# Code-along 2025-01-15 Build an AI Movie Night Recommendation Tool


In this code-along, we will be building an AI Movie Night Recommendation Tool! 

To do this, we will be using two data sets: 
- Movies metadata: A data set containing metadata of about 9000 movies (title, description, etc.)
- User ratings: A data set containing ratings of how much someone liked a movie. 

We will be building towards our end goal by covering the following tasks: 
- Understanding the data set by doing some basic exploratory analysis 
- Building a first recommender based on movie popularity or movie ratings 
- Personalising recommendations by exploiting user ratings 
- Leveraging LLMs to calculate similarity between movies 
- Generating a recommendation by writing what kind of movies you'd like to see 
- Putting it all together into one single recommendation tool

This code-along is aimed at anyone just starting to code by showing how you can build something useful by simply writing prompts to analyse data sets. The code generated is sufficiently challenging, however, for the more seasoned data person to play around with.

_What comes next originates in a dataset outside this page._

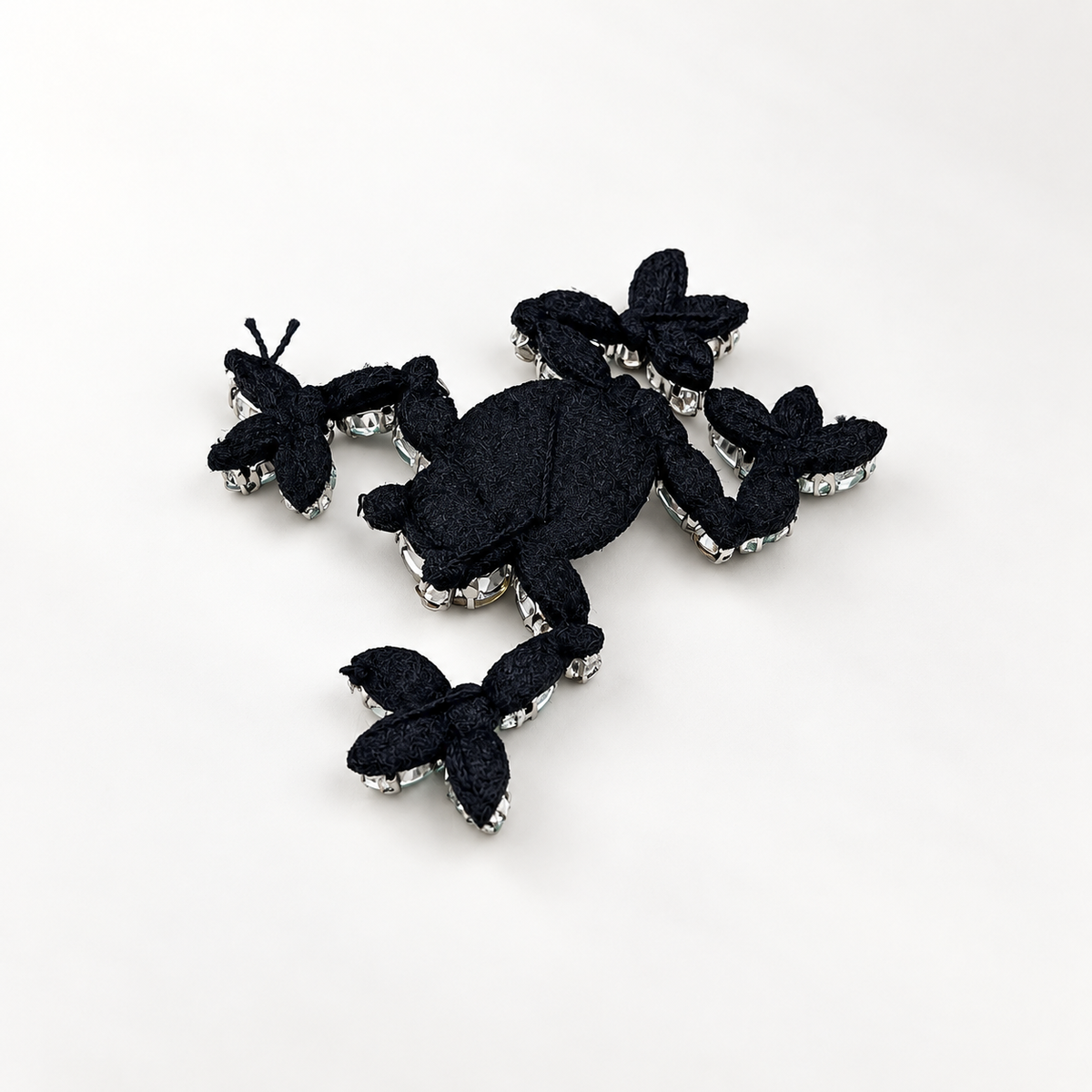 Green Crystal Frog Sew-On Patch | Jeweled Frog Appliqué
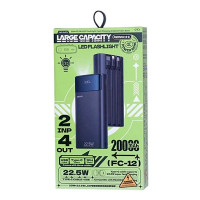 Портативний зовнішній акумулятор REMAX FC-12 20000mAh 20W+22.5W з ліхтариком і вбудованими кабелями Black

## Task 1: Import the ratings and movie metadata and explore it. 

The data is contained in two CSV files named `movies_metadata.csv` and `ratings.csv`

`movies_metadata` contains the following columns: 

- `movie_id`: Unique identifier of each movie. 
- `title`: Title of the movie. 
- `overview`: Short description of the movie. 
- `vote_average`: Average score the movie got.
- `vote_count`: Total number of votes the movie got. 

`ratings` contains the following columns: 

- `user_id`: Unique identifier of the person who rated the movie. 
- `movie_id`: Unique identifier of the movie. 
- `rating`: Value between 0 and 10 indicating how much the person liked the movie. 

### Prompt

Read the movies_metadata file and count how many unique movies there are, visualise the vote_average column and visualise the vote_count column. Next read the ratings file, and count how many unique users have rated how many unique movies. Visualise the distribution of the rating column.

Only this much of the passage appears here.